> To do: Everything from the first line of the entries below through the line holding "Homme | Pantalons" must be printed exactly as written.

**** Records shown

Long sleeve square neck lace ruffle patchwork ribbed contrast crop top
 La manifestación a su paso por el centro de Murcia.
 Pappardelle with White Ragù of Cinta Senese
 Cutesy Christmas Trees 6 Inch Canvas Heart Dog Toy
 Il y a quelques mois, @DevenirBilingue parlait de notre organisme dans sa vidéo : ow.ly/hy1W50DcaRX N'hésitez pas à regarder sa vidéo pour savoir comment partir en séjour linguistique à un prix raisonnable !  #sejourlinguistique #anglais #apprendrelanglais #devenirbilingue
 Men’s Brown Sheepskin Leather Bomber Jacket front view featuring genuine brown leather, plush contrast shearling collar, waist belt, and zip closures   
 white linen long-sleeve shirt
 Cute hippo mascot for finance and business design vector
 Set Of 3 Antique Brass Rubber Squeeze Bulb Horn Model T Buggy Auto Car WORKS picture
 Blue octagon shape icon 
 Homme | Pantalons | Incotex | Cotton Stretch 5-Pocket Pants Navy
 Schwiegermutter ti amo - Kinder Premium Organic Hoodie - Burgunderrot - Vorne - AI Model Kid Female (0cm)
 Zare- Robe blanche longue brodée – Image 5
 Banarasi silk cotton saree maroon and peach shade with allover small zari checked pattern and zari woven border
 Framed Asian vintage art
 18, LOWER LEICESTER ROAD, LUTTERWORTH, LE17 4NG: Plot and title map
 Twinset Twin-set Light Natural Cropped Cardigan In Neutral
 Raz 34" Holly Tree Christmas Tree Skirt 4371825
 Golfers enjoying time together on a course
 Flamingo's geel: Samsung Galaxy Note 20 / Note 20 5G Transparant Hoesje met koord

********

> Exercise response:
Long sleeve square neck lace ruffle patchwork ribbed contrast crop top
 La manifestación a su paso por el centro de Murcia.
 Pappardelle with White Ragù of Cinta Senese
 Cutesy Christmas Trees 6 Inch Canvas Heart Dog Toy
 Il y a quelques mois, @DevenirBilingue parlait de notre organisme dans sa vidéo : ow.ly/hy1W50DcaRX N'hésitez pas à regarder sa vidéo pour savoir comment partir en séjour linguistique à un prix raisonnable !  #sejourlinguistique #anglais #apprendrelanglais #devenirbilingue
 Men’s Brown Sheepskin Leather Bomber Jacket front view featuring genuine brown leather, plush contrast shearling collar, waist belt, and zip closures   
 white linen long-sleeve shirt
 Cute hippo mascot for finance and business design vector
 Set Of 3 Antique Brass Rubber Squeeze Bulb Horn Model T Buggy Auto Car WORKS picture
 Blue octagon shape icon 
 Homme | Pantalons | Incotex | Cotton Stretch 5-Pocket Pants Navy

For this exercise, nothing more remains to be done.